Dataset excerpts:
*** Begin section ***

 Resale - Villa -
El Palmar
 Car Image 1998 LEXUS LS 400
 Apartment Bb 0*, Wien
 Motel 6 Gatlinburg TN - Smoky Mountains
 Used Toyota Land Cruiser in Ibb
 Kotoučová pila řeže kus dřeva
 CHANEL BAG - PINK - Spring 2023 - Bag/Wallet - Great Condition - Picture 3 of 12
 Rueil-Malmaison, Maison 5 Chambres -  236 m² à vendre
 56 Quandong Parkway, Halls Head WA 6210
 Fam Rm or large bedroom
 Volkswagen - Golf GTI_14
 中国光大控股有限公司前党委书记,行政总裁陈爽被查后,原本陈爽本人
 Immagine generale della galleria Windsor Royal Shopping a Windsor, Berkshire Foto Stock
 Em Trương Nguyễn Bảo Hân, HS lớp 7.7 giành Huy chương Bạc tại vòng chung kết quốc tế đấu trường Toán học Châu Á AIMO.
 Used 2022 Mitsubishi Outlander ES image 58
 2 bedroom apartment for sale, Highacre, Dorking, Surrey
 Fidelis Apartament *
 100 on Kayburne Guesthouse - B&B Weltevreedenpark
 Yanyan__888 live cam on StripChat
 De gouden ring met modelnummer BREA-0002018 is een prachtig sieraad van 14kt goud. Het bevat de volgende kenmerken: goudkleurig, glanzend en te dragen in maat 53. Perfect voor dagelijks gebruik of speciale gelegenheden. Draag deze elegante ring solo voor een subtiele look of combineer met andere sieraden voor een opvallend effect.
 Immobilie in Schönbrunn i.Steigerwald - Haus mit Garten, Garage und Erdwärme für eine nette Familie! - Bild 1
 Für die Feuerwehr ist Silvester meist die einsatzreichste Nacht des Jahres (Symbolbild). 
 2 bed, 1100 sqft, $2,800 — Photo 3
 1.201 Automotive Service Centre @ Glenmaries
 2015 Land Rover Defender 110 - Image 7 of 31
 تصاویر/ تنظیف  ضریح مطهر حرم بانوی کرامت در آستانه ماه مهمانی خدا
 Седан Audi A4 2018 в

*** End section ***

WHAT IS REQUIRED:
All entries should be restated word for word.

WRITTEN SOLUTION:
 Resale - Villa -
El Palmar
 Car Image 1998 LEXUS LS 400
 Apartment Bb 0*, Wien
 Motel 6 Gatlinburg TN - Smoky Mountains
 Used Toyota Land Cruiser in Ibb
 Kotoučová pila řeže kus dřeva
 CHANEL BAG - PINK - Spring 2023 - Bag/Wallet - Great Condition - Picture 3 of 12
 Rueil-Malmaison, Maison 5 Chambres -  236 m² à vendre
 56 Quandong Parkway, Halls Head WA 6210
 Fam Rm or large bedroom
 Volkswagen - Golf GTI_14
 中国光大控股有限公司前党委书记,行政总裁陈爽被查后,原本陈爽本人
 Immagine generale della galleria Windsor Royal Shopping a Windsor, Berkshire Foto Stock
 Em Trương Nguyễn Bảo Hân, HS lớp 7.7 giành Huy chương Bạc tại vòng chung kết quốc tế đấu trường Toán học Châu Á AIMO.
 Used 2022 Mitsubishi Outlander ES image 58
 2 bedroom apartment for sale, Highacre, Dorking, Surrey
 Fidelis Apartament *
 100 on Kayburne Guesthouse - B&B Weltevreedenpark
 Yanyan__888 live cam on StripChat
 De gouden ring met modelnummer BREA-0002018 is een prachtig sieraad van 14kt goud. Het bevat de volgende kenmerken: goudkleurig, glanzend en te dragen in maat 53. Perfect voor dagelijks gebruik of speciale gelegenheden. Draag deze elegante ring solo voor een subtiele look of combineer met andere sieraden voor een opvallend effect.
 Immobilie in Schönbrunn i.Steigerwald - Haus mit Garten, Garage und Erdwärme für eine nette Familie! - Bild 1
 Für die Feuerwehr ist Silvester meist die einsatzreichste Nacht des Jahres (Symbolbild). 
 2 bed, 1100 sqft, $2,800 — Photo 3
 1.201 Automotive Service Centre @ Glenmaries
 2015 Land Rover Defender 110 - Image 7 of 31
 تصاویر/ تنظیف  ضریح مطهر حرم بانوی کرامت در آستانه ماه مهمانی خدا
 Седан Audi A4 2018 в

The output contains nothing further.